### WHAT THIS TASK INVOLVES
Pictures aside, please retype the whole listing word for word.

### RAW DATA
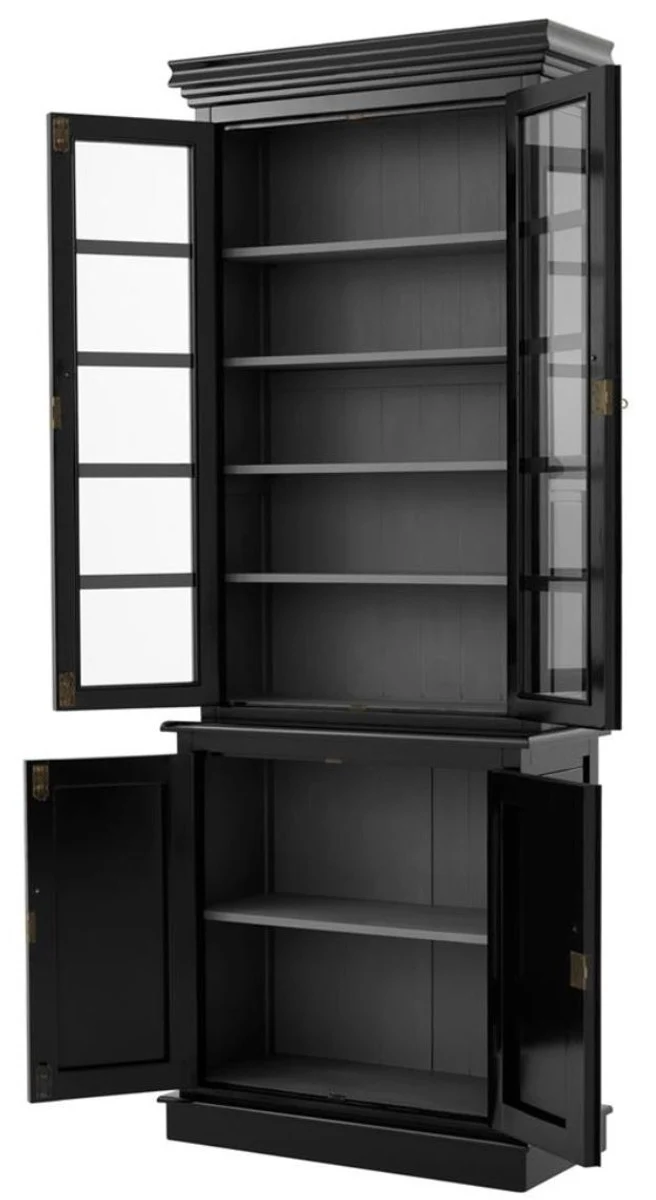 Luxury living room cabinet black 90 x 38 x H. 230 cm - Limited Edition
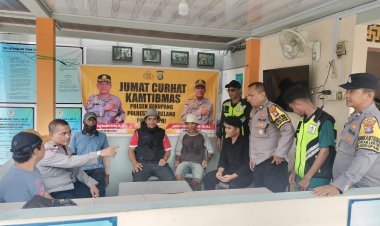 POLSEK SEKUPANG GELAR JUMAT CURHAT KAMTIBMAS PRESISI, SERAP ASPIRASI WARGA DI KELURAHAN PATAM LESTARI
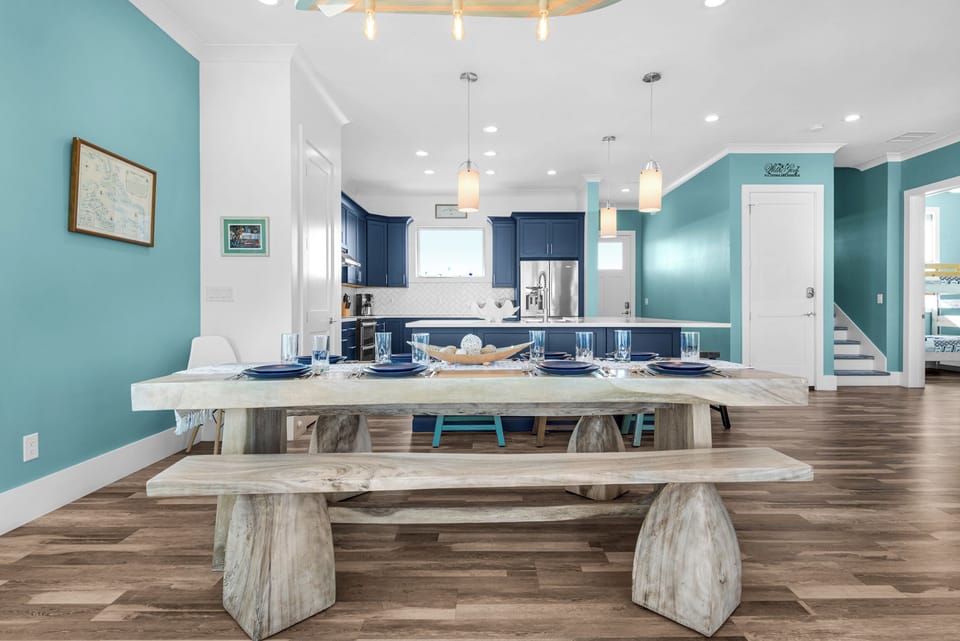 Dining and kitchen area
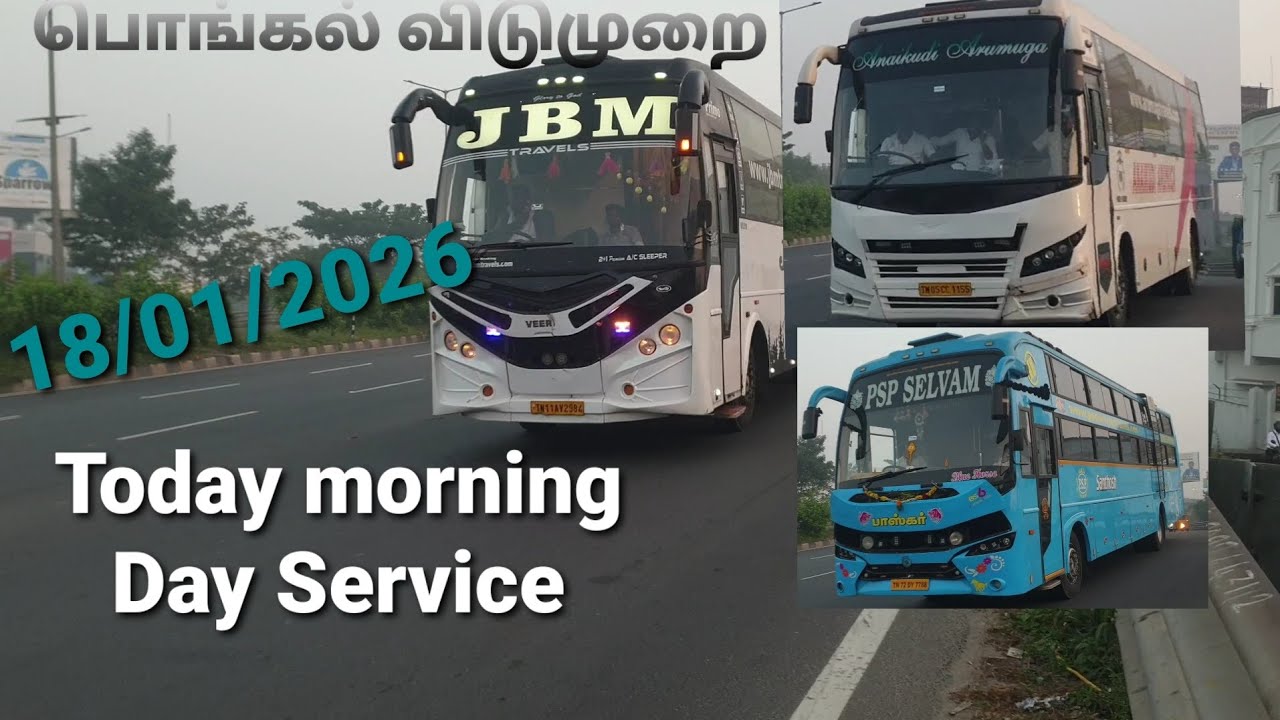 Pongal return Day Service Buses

### ANSWER TO THE PROBLEM
 Luxury living room cabinet black 90 x 38 x H. 230 cm - Limited Edition
 POLSEK SEKUPANG GELAR JUMAT CURHAT KAMTIBMAS PRESISI, SERAP ASPIRASI WARGA DI KELURAHAN PATAM LESTARI
 Dining and kitchen area
 Pongal return Day Service Buses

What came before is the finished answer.